今日の宿泊者は私を入れても5人だけ。ベッド数も少なめだし食堂もご覧のように広くはないので丁度良かった。夕飯は無骨なオスピタレロが作ってくれた無骨な料理でかなり質素。ドナティーボで食べさせてくれるんだから不平を言うどころではないけどワイン位は出してほしかったな。買えるものなら自分が提供しても良かったけど(安いの)、生憎この村にはさっきのバルが一軒だけで店なんかひとつもなかった。
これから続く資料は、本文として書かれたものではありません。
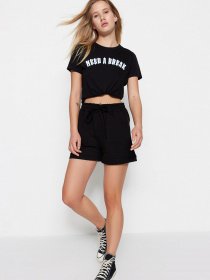 Шорти Trendyol модель TWOSS23SR00139/Siyah Фото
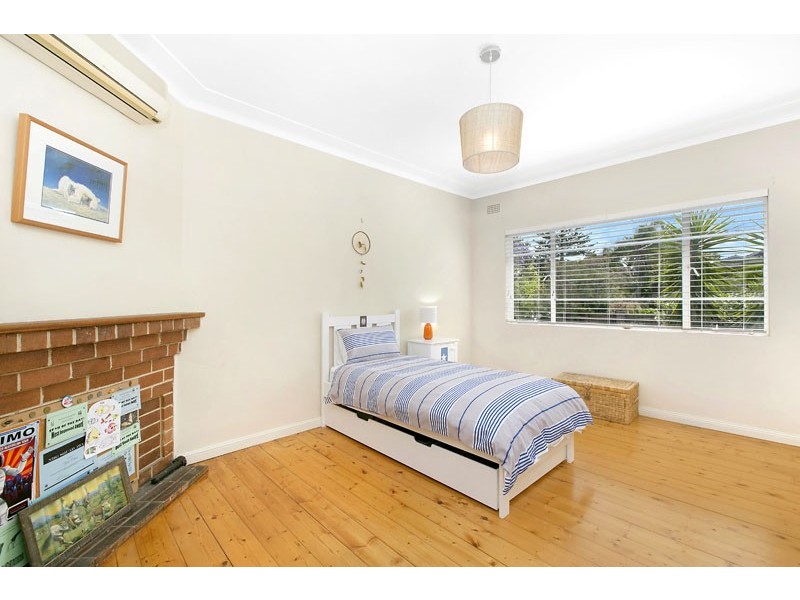 17 Cannons Parade, Forestville NSW 2087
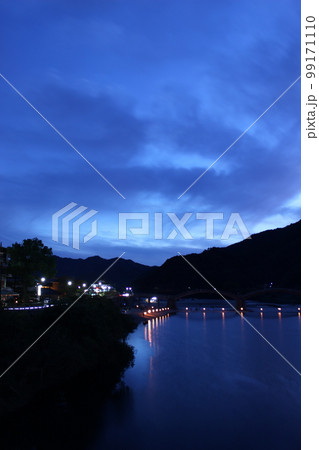錦帯橋 マジックアワーの空色 錦帯橋 マジックアワーの空色 99171110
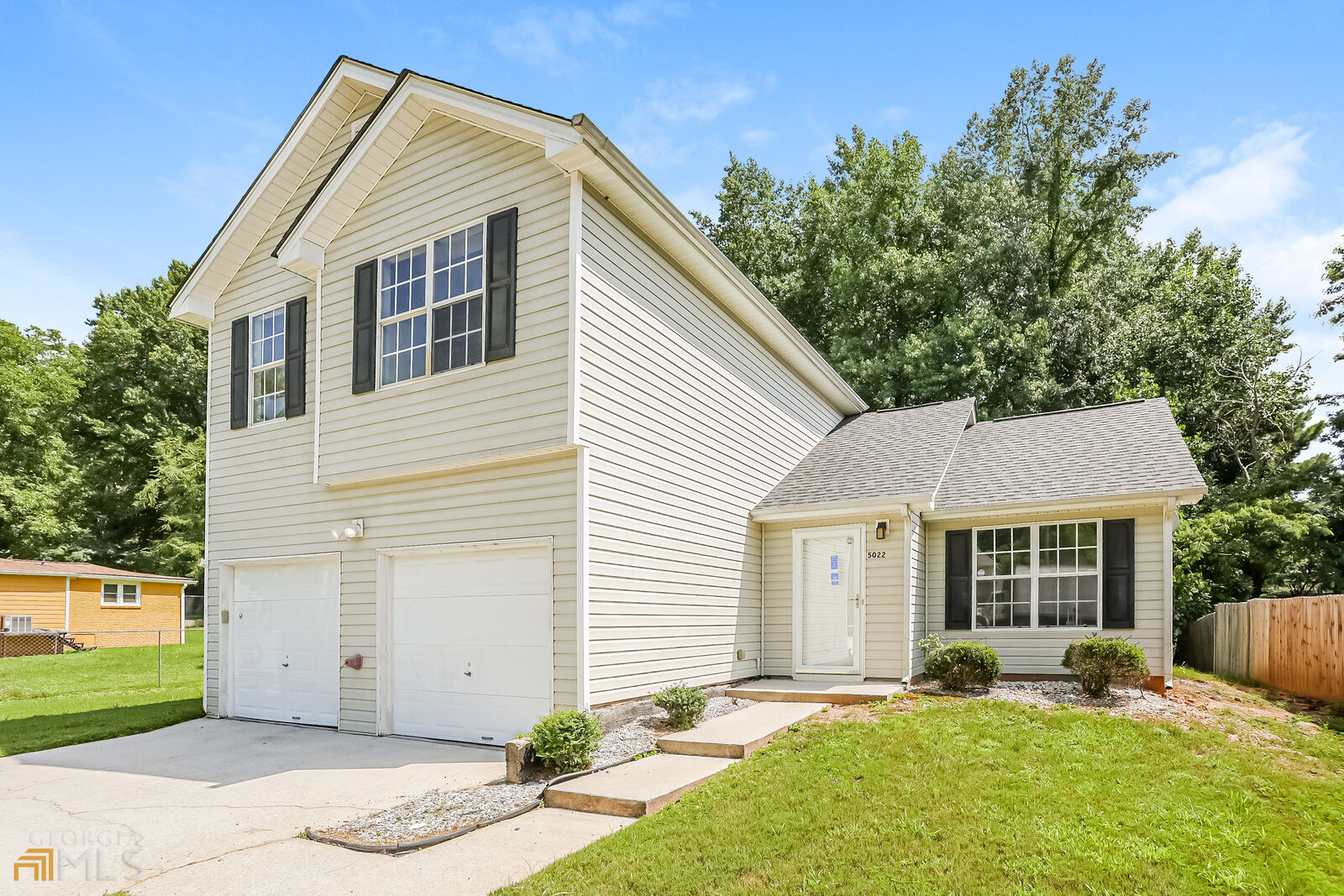 Property Photo: 5022 Cottage Grove Place GA 30291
 オスピタレロに聞いたところ、明日泊まろうと予定していたComillasの公営アルベルゲがクローズになっていた。こりゃ困った。公営がやってないと私営アルベルゲに巡礼が集中するだろう。私営は予約可能なので早く到着しても満杯の危険がある。Gronzeのサイトから同じ町の私営へ予約入れるとコンプリート。次にアルベルゲがある町までは+13kmで合計29km。この暑さでは辛い。bookingcomで同じ所を検索したら同じ私営を予約できてしまった。bookingcom恐るべし。オーストリアの婆ちゃんに明日のアルベルゲを予約したと言ったら「へーきへーき」と予約なしで平気だと言っている。大丈夫かな?次の行程の公営アルベルゲもクローズとのこと。今年はこういうの多過ぎるよ、困ったもんだ。